New surface appears (e.g., Anthropic releases a new SDK family): add a 5th entry to references/surface-urls.md, update scripts/detect_updates.py delta sources, write a new rubric article (<surface>-rubric slug). Tell user to add a 5th BEFORE trigger to ~/.claude/CLAUDE.md.
Schema changes (new required frontmatter field, new section): update references/frontmatter-schema.md and the example in this SKILL.md.
Taxonomy expansion (new tag, user-approved): update references/frontmatter-schema.md § Tag taxonomy.

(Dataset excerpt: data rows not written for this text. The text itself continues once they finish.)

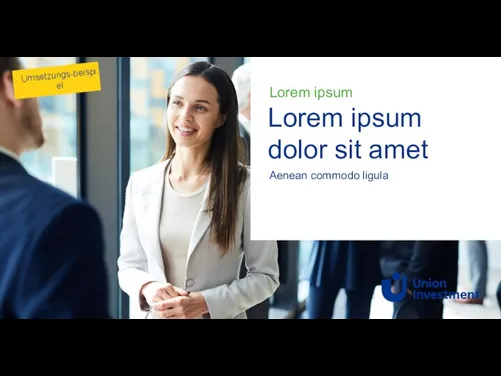 Lorem ipsum dolor sit amet Lorem ipsum Aenean commodo ligula Umsetzungs-beispiel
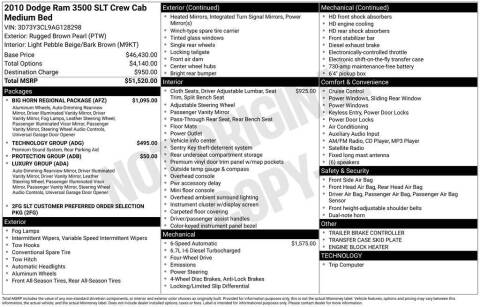 2010 Dodge Ram 3500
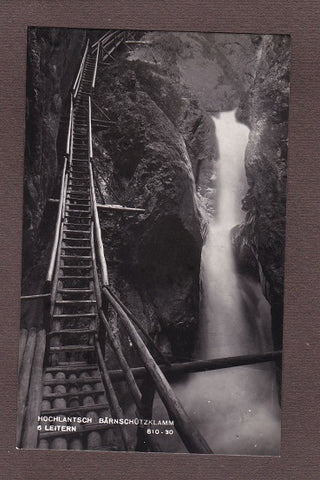 AK Hochlantsch Bärnschützklamm. 6 Leitern.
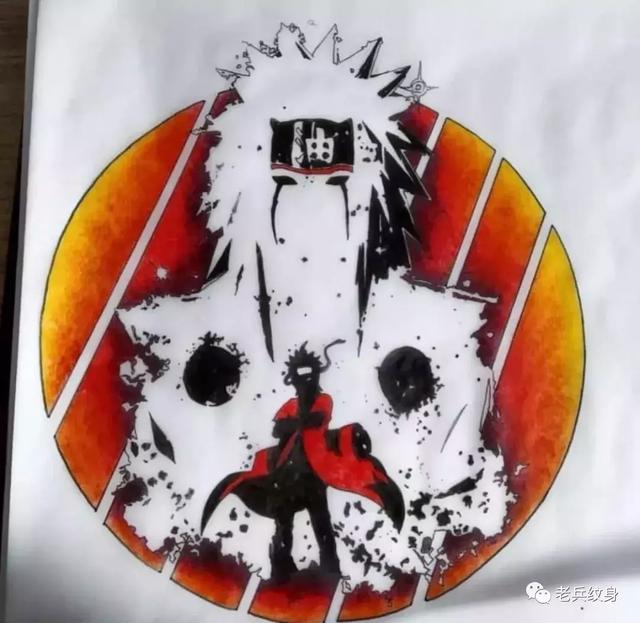 纹身素材火影手稿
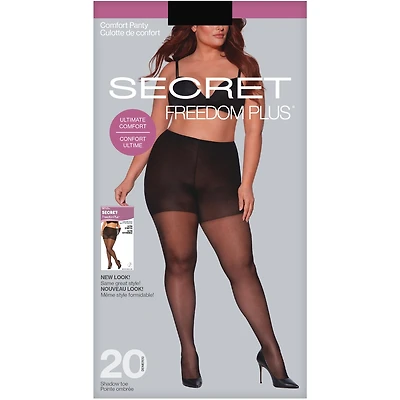 bas culotte diaphane avec culotte de confort et pointes ombrées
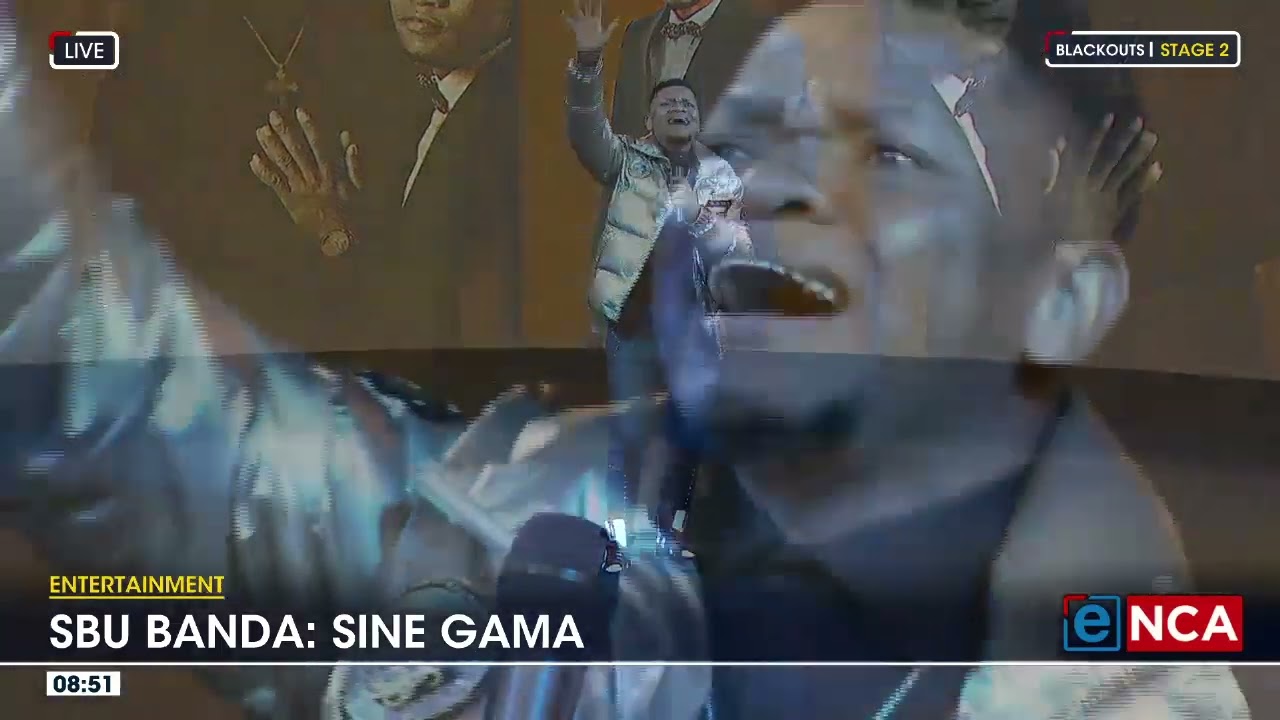 Sbu Banda performs 'Sine Gama'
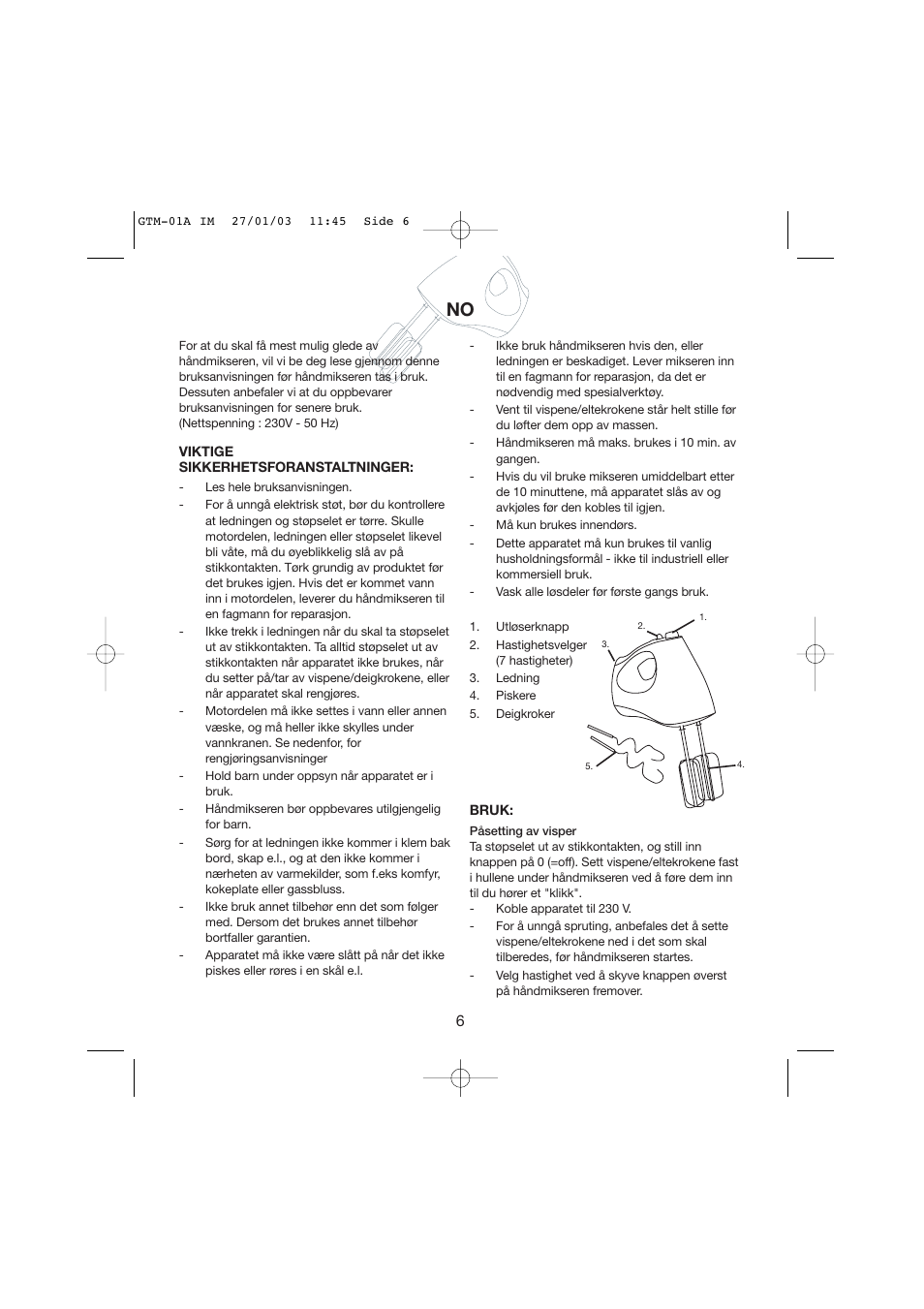 Melissa Chrome Series 246-003 User Manual | Page 6 / 20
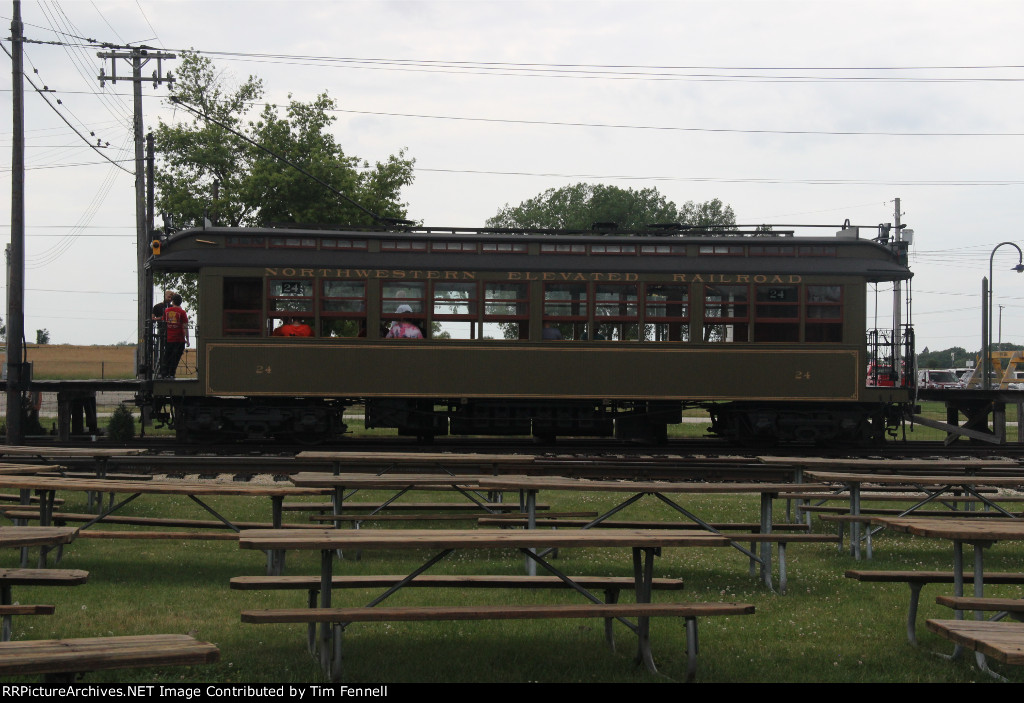 Northwestern Elevated Railroad #24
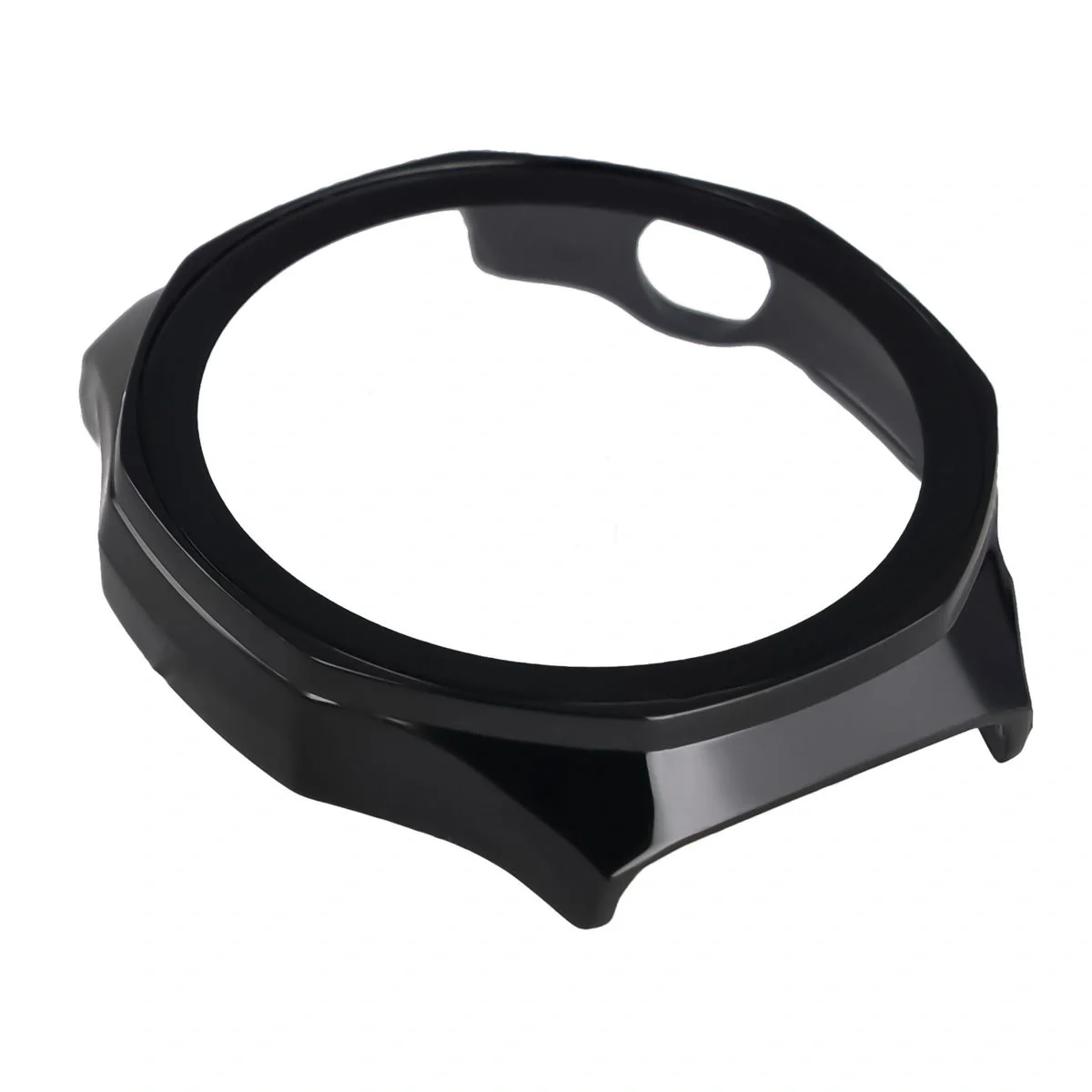 Schutzhülle mit Glas für Huawei Watch GT6 Pro 46 mm, Bizon Case Watch Adamo, Schwarz - Image 7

Phase command breaks (workflow CLI flag changes, lint shape changes): update the inline bash in this SKILL.md and references/ingest-gotchas.md.

Anti-patterns

Don't auto-ingest before lint. Bad articles poison search results.
Don't write rubric rows citing slugs that don't exist yet. Either ingest first, or cite article titles (stable) instead.
Don't fan subagents per article. 1 per surface (4 total) is the right granularity.
Don't write speculative articles. Every article needs a verified docs URL. If the feature is mentioned in whats-new but has no own page, defer until docs land.
Don't merge MAINTAIN findings into REFRESH runs without telling the user. Validation failures + adding new articles in one PR is hard to review; do them separately.
Don't edit ~/.claude/CLAUDE.md triggers from this skill. Even if new surfaces emerge. That's user-controlled.